Instructions to follow: Pull out the lines from the one containing "2 PCS. SHARK" through the final line of the listing below and repeat them exactly. Leave the pictures behind.

Collected material:
################
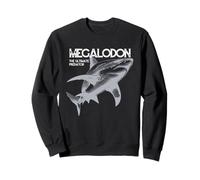 Megalodon Dinosaur Shark Ultimate Predator Prehistoric Beast Sweatshirt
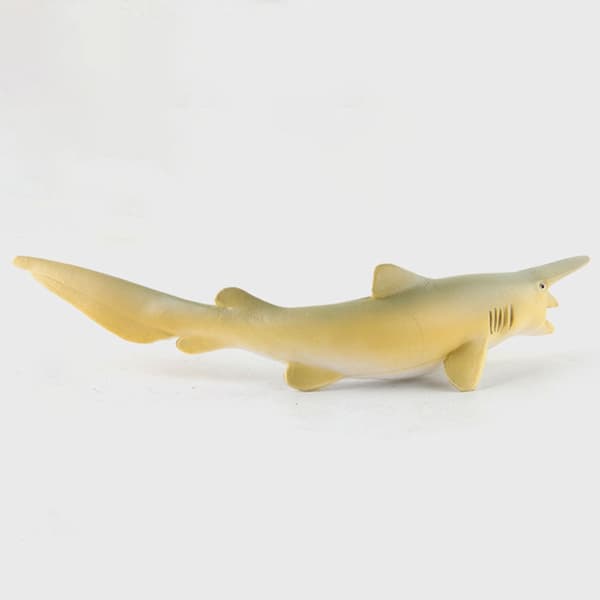 2 PCS. SHARK REPLICA, DESK DECORATION, PVC, MULTICOLOURED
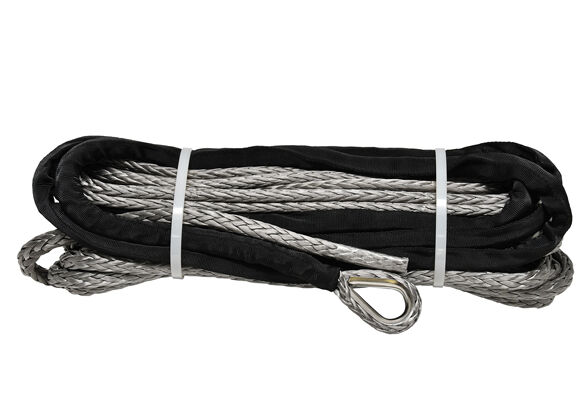 Steel Wire and Synthetic Winch Rope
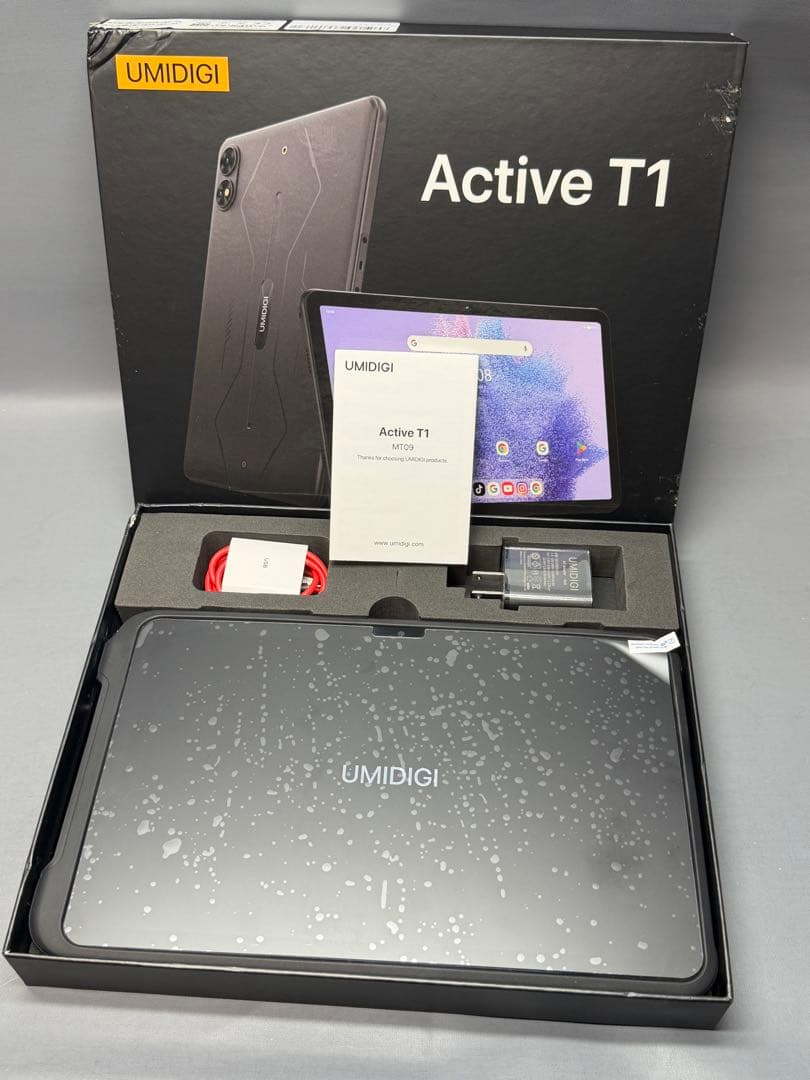 UMIDIGI 防水タブレット Active T1 Tab タフネスタブレット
################
Response to this exercise:
 2 PCS. SHARK REPLICA, DESK DECORATION, PVC, MULTICOLOURED
 Steel Wire and Synthetic Winch Rope
 UMIDIGI 防水タブレット Active T1 Tab タフネスタブレット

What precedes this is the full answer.